This narrative is not unique by any stretch. Fandom within the world of the National Basketball Association (NBA) can be magnetic, exhilarating, and often times, fickle. When the team is winning, fandom is high, and people shell out dollars for tickets and apparel. But when the team is losing, no one seems to care. There was a time, not so long ago, when the Cleveland Cavaliers and the Golden State Warriors were unmentioned in NBA chatter. Today, they dominate sports headlines and sell out arenas. Why? Because they win. Teams like the Orlando Magic, Dallas Mavericks, and Miami Heat used to hold this coveted position, but they no longer do, because they no longer win. In the NBA, if you aren’t winning, no one seems to pay attention. That is except for a select few teams — the Chicago Bulls, the Los Angeles Lakers, New York Knicks, and Boston Celtics. Even when these teams aren’t winning, they still matter in culture.
Three of these four teams didn’t even make it to the playoffs this past season, no doubt an empirical testament to a losing side. Yet they each held a position on the list of the top 10 highest merchandise sales and the top 11 highest game attendance in the NBA during their losing season. This happens year after year after year. Why? Because these four teams are more than just NBA franchises. They have transcended the sport and have meaning beyond the game. They matter in culture and, therefore, their significance extends beyond the wins & losses. This is particularly important because every year the team changes. In fact, the only consistent element of a team is the jersey itself. Players come and go, and often when players leave a team due to trades and free agency, the fans follow them (*cough* LeBron James *cough*).

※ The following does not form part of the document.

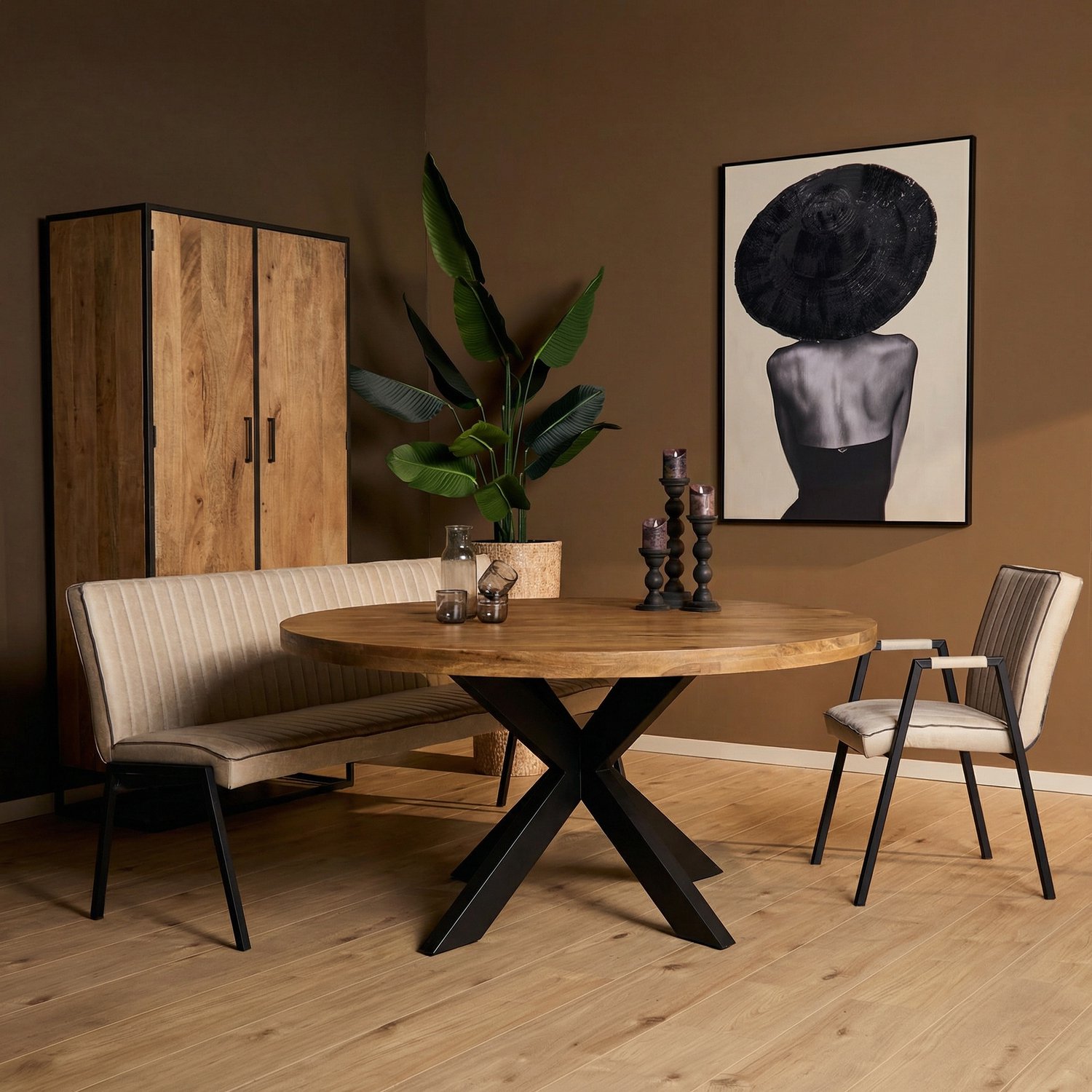 Starfurn Eettafel Dakota - Bruin - 150x150x76 cm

And the teams with meaning win, regardless of their record.
For our client, the Los Angeles Clippers, this truth is paramount. The team is anemic when it comes to ‘wins,’ and they lack the draw of a superstar player. But more importantly, the team doesn’t stand for much beyond its record and its geographic association. As a result, Clippers fandom, and subsequent revenues suffer with game attendance sitting at #22 of the 30 NBA teams.
Even the team’s geographic association is challenged, considering it shares the city of Los Angeles with the one of ‘the four,’ the Los Angeles Lakers. Much like the NY Mets are to the NY Yankees, and the Chicago Cubs are to the Chicago White Sox, without a doubt, the Clippers are the Jan Brady to the Lakers’ Marsha Brady. To make matters worse, the Clippers and the Lakers not only share the same city but they also play in the same arena. They share the same ‘home.’ This ‘hallway’ rivalry among the two teams has created a tale of two cities.
This is where things get interesting. To the outside world, LA conjures images of Hollywood and celebrities, sunny weather, glitz and glamour. This is embodied in everything the Lakers represent. They are, after all, the ‘Showtime’ Lakers. To the locals, the Los Angelenos, however, there is more to the city sparkle. As LA native, Kendrick Lamar, puts it this way, “There’s a part of town where you
can find the grit. The fortitude. The truth.” This is the real LA, not the veneer that outsiders see on TV and movies and, therefore, associate with the city. This is the tale of two cities.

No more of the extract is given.